● What you have to do: When you reach the line with "Cancion Del Mariachi" in the data below, begin printing lines exactly, and stop once the line with "Duchess Albrecht Framed" has been printed.

Short text fragments from websites
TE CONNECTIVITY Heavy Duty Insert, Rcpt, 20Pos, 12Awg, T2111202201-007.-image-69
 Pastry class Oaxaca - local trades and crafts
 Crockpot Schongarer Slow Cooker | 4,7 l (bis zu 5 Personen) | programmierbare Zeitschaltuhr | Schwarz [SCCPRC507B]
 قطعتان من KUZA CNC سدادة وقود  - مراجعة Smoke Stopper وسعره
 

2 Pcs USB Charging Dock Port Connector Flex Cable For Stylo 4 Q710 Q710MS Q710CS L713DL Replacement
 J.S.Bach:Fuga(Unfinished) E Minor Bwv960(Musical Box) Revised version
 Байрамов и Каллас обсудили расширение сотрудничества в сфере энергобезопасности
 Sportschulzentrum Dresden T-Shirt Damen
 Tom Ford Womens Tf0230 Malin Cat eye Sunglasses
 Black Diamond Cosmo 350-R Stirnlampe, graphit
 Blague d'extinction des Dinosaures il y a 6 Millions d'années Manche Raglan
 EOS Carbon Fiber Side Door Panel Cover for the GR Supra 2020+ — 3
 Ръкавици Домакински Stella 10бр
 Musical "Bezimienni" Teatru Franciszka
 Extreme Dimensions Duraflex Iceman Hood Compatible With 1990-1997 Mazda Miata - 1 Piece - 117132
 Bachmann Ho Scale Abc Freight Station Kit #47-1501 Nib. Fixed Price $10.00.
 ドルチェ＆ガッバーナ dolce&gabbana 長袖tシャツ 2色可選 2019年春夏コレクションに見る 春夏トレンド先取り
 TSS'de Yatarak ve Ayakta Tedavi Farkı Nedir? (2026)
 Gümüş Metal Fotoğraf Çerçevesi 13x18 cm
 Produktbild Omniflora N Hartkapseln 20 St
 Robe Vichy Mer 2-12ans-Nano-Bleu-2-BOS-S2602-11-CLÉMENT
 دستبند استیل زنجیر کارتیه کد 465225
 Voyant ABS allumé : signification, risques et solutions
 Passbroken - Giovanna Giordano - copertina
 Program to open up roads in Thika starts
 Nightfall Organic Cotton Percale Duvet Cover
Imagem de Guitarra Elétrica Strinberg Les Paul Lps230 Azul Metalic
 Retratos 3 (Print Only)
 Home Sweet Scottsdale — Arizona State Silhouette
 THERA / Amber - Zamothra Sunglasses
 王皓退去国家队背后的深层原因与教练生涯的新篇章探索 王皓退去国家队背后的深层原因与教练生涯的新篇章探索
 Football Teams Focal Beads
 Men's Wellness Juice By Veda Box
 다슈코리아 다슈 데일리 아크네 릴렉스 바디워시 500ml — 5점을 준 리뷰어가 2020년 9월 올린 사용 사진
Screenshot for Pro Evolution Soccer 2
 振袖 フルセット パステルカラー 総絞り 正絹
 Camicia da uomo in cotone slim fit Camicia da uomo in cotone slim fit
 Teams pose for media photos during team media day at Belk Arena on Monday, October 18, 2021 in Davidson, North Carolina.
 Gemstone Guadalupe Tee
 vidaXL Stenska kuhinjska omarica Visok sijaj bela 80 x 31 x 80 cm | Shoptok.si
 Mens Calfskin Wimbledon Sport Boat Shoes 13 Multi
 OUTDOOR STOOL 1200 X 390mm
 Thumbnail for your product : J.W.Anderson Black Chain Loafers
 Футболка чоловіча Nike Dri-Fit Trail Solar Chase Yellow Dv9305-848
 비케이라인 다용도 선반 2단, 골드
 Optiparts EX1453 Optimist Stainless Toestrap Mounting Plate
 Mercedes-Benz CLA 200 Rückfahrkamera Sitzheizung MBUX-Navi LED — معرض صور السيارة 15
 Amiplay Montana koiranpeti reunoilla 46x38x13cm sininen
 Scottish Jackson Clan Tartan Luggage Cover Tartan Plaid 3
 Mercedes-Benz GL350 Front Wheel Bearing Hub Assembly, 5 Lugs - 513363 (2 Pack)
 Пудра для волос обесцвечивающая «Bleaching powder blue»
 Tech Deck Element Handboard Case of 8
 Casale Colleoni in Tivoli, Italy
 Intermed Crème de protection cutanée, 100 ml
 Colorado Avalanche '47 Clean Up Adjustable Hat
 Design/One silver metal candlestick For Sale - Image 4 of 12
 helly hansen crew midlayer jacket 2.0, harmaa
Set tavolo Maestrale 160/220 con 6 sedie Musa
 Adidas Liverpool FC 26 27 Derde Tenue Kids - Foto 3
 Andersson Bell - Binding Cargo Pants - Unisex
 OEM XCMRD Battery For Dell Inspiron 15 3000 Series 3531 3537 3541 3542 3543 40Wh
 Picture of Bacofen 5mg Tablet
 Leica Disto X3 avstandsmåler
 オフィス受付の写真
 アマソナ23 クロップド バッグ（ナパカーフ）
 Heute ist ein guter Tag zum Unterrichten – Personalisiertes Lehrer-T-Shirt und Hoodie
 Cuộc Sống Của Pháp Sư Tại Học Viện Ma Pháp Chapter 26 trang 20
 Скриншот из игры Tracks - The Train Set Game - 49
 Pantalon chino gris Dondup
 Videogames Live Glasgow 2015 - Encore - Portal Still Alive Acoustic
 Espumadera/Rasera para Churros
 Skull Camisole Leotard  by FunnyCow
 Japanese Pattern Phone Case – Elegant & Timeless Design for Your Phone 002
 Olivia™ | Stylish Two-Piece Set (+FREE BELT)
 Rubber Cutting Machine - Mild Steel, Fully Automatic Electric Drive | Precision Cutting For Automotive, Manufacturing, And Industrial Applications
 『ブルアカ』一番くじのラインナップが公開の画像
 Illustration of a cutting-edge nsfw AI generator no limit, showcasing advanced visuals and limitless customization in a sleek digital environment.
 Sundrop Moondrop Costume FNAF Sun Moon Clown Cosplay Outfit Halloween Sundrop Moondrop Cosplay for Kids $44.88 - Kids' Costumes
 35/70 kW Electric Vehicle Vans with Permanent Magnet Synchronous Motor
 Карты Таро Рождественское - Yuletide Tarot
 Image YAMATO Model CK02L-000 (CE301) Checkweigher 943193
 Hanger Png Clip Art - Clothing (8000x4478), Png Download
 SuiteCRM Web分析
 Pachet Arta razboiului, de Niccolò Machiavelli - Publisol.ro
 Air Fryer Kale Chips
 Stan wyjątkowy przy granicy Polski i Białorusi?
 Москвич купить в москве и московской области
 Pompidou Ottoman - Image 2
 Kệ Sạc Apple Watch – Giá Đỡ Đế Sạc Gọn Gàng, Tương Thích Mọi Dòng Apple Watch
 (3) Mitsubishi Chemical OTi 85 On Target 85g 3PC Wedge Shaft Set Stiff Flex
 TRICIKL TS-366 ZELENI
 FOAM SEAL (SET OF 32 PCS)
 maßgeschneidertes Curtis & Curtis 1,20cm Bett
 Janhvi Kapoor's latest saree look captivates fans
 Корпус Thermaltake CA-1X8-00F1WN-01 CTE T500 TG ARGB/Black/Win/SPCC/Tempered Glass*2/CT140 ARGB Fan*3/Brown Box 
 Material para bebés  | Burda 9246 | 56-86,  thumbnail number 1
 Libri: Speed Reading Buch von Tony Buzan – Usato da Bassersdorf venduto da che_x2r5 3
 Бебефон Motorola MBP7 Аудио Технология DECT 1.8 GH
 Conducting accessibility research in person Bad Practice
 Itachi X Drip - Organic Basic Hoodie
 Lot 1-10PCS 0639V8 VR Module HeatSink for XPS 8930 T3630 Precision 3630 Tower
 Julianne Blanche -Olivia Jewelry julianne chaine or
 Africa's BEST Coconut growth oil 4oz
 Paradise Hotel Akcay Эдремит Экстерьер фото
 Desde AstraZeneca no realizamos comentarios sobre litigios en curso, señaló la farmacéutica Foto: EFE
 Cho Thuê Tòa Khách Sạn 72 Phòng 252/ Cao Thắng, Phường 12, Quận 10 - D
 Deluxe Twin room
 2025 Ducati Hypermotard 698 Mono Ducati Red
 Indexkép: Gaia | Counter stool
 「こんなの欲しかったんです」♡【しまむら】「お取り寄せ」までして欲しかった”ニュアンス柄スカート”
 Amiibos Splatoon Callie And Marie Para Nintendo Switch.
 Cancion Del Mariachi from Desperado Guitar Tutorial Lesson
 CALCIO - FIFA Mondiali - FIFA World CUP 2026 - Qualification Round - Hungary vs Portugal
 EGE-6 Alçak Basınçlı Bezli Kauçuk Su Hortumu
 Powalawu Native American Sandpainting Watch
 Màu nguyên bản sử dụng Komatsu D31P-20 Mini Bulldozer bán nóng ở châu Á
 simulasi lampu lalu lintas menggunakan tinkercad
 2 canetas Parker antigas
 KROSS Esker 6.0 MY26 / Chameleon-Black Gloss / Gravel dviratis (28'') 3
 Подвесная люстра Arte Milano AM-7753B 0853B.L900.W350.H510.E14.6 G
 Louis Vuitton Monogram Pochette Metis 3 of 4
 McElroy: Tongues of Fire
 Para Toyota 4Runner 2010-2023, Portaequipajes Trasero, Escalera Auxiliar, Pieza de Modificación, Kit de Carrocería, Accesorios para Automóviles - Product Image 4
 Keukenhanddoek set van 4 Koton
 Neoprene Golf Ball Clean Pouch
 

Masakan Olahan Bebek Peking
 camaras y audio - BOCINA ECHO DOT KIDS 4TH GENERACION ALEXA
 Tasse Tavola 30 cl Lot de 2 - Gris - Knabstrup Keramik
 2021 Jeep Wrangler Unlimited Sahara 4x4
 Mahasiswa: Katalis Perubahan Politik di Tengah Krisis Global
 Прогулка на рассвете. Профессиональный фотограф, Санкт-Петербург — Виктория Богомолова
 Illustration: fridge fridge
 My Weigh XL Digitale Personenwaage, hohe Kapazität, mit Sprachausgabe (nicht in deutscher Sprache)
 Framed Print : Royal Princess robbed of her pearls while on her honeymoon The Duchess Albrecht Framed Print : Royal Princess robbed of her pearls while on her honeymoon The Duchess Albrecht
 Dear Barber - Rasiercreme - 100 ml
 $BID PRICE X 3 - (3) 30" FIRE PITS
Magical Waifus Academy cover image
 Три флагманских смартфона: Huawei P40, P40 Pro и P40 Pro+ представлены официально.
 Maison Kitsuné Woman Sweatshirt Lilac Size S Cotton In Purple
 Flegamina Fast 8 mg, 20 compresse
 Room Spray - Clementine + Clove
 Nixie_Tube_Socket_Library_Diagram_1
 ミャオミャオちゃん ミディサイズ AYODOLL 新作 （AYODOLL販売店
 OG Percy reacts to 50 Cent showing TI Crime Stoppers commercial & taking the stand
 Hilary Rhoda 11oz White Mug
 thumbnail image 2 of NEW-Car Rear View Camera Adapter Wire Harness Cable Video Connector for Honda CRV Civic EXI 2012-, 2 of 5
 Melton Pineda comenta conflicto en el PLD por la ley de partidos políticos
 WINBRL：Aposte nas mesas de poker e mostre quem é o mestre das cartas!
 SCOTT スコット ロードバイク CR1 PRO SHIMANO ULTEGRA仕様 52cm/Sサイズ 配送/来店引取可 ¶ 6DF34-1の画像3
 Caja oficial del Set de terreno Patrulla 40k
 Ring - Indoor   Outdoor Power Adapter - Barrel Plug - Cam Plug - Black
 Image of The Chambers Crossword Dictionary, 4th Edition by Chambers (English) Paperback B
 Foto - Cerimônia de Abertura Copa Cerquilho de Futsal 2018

● Reply to the exercise:
 Cancion Del Mariachi from Desperado Guitar Tutorial Lesson
 CALCIO - FIFA Mondiali - FIFA World CUP 2026 - Qualification Round - Hungary vs Portugal
 EGE-6 Alçak Basınçlı Bezli Kauçuk Su Hortumu
 Powalawu Native American Sandpainting Watch
 Màu nguyên bản sử dụng Komatsu D31P-20 Mini Bulldozer bán nóng ở châu Á
 simulasi lampu lalu lintas menggunakan tinkercad
 2 canetas Parker antigas
 KROSS Esker 6.0 MY26 / Chameleon-Black Gloss / Gravel dviratis (28'') 3
 Подвесная люстра Arte Milano AM-7753B 0853B.L900.W350.H510.E14.6 G
 Louis Vuitton Monogram Pochette Metis 3 of 4
 McElroy: Tongues of Fire
 Para Toyota 4Runner 2010-2023, Portaequipajes Trasero, Escalera Auxiliar, Pieza de Modificación, Kit de Carrocería, Accesorios para Automóviles - Product Image 4
 Keukenhanddoek set van 4 Koton
 Neoprene Golf Ball Clean Pouch
 

Masakan Olahan Bebek Peking
 camaras y audio - BOCINA ECHO DOT KIDS 4TH GENERACION ALEXA
 Tasse Tavola 30 cl Lot de 2 - Gris - Knabstrup Keramik
 2021 Jeep Wrangler Unlimited Sahara 4x4
 Mahasiswa: Katalis Perubahan Politik di Tengah Krisis Global
 Прогулка на рассвете. Профессиональный фотограф, Санкт-Петербург — Виктория Богомолова
 Illustration: fridge fridge
 My Weigh XL Digitale Personenwaage, hohe Kapazität, mit Sprachausgabe (nicht in deutscher Sprache)
 Framed Print : Royal Princess robbed of her pearls while on her honeymoon The Duchess Albrecht Framed Print : Royal Princess robbed of her pearls while on her honeymoon The Duchess Albrecht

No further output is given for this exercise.